Cancellation may be requested following two procedures:
Silent approval: if 90 days after the date of the final liquidation balance sheet there are no claims, it is considered approved and liquidators can request striking off from the Business Register by including in the S3 form a non-opposition declaration or enclosing the certificate of non-opposition of the competent court or through self-certification under articles 46 and 47 of the President's Decree no. 445/2000; Explicit approval: in the cases where there are sums to be shared, partners will have to submit receipts of the payments or authorise the liquidator to request the cancellation, or enclose copies of the various receipts certifying the payments released by the partners, or enclose a self-certification under articles 46 and 47 of the President's Decree no. 445/2000.If there are no sums to share, the minutes of the entire assembly (or of an assembly where the majority of partners participate) must be registered. This unanimously approves the final liquidation balance sheet and authorises the liquidator to request the cancellation from the Business Register. The liquidator must turn to the local office of the Business Register found in the province where the registered office of a company is based.

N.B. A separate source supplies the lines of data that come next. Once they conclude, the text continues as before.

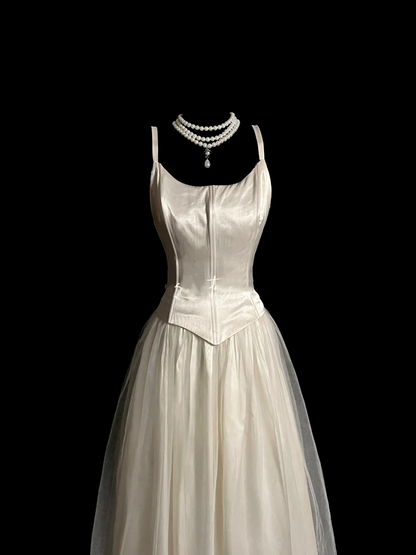 Pretty Wedding Dress Ball Gown Spaghetti Straps Ivory Tulle Long Wedding Dresses Bridal Gowns DP924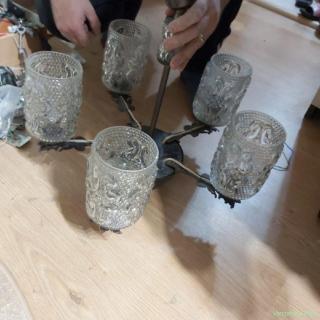 Candelabru cu 5 becuri.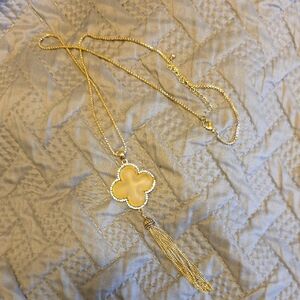 💚5/$20💚 Elegant Gold Clover Pendant Necklace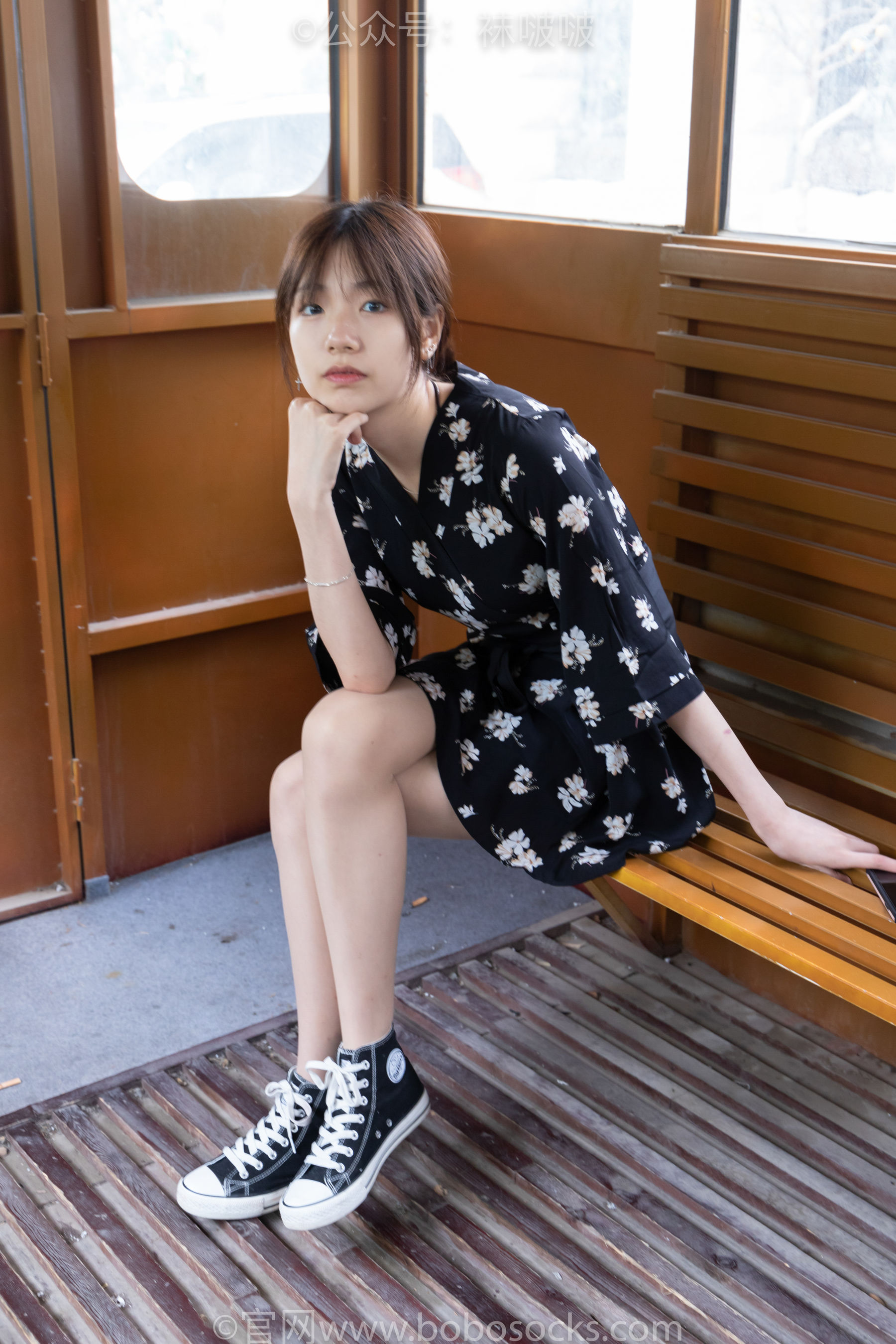 BoBoSocks袜啵啵 No.013 小甜豆-匡威帆布鞋、浅灰色短棉袜、肉丝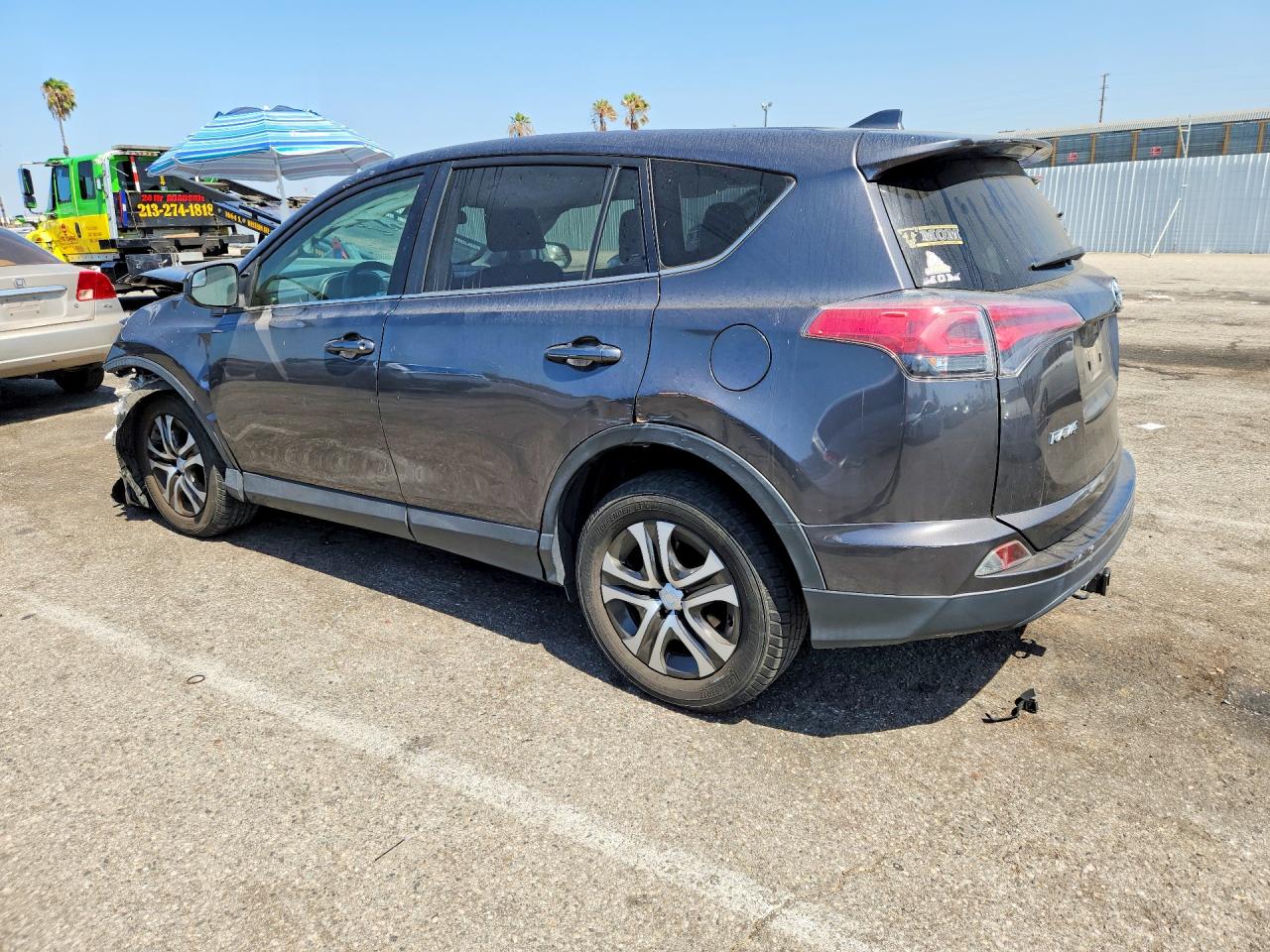 2017 TOYOTA RAV4 LE — снимка 2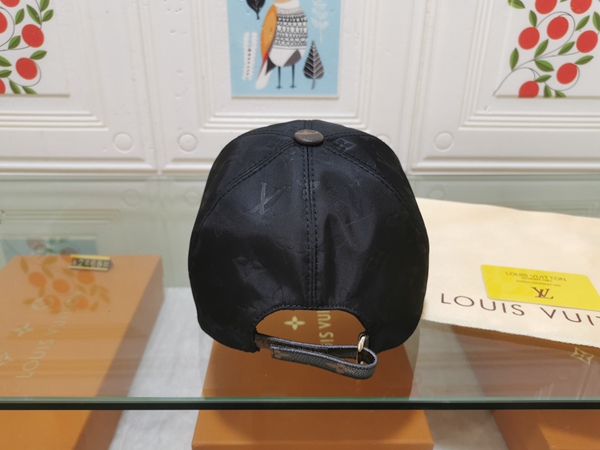 ブランド帽子側面デザイン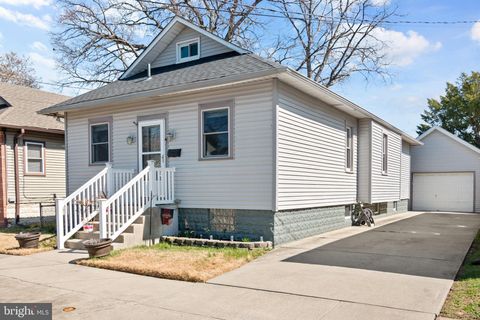 132 HICKMAN AVENUE GLOUCESTER CITY NJ 08030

As for partnerships, there are two procedures:
Dissolution without starting the liquidation procedure and annulment of the company: in this case, a single notary deed requests the registration of both the dissolution and annulment of the company. Dissolution through liquidation and appointment of the liquidator: in this case it is necessary to submit two applications: The first requests the registration of the dissolution through liquidation and appointment of the liquidator, by depositing the notary deed. The second asks for the cancellation of the company.The cancellation must be submitted by the liquidator with a declaration stating that the balance and the distribution plan have been communicated to the partners in advance (article 2311 of the Italian Civil Code) and that these acts have not been challenged within two months of the communication. If the cancellation has been requested within two months, a declaration in which the partners agree on the distribution plan and authorise the liquidator to cancel the company must be enclosed.
Online procedures are gradually being introduced to facilitate administrative procedures.
Companies must submit winding up applications online, via the FedraPlus software. For the moment, individual entrepreneurs must submit paper applications.
Applications can be completed and sent online via the Telemaco software.
All the main administrative tasks concerning the closing down of a business will soon have to be carried out online through a unified procedure called "Comunicazione Unica" . This will include fiscal, welfare and advertising matters.
Telemaco users can find out more about this procedure through the "ComUnica" software.
The Chambers of Commerce of Rome assists entrepreneurs in administrative procedures aimed at company closing down. Employing a professional consultant will speed up and simplify things a lot.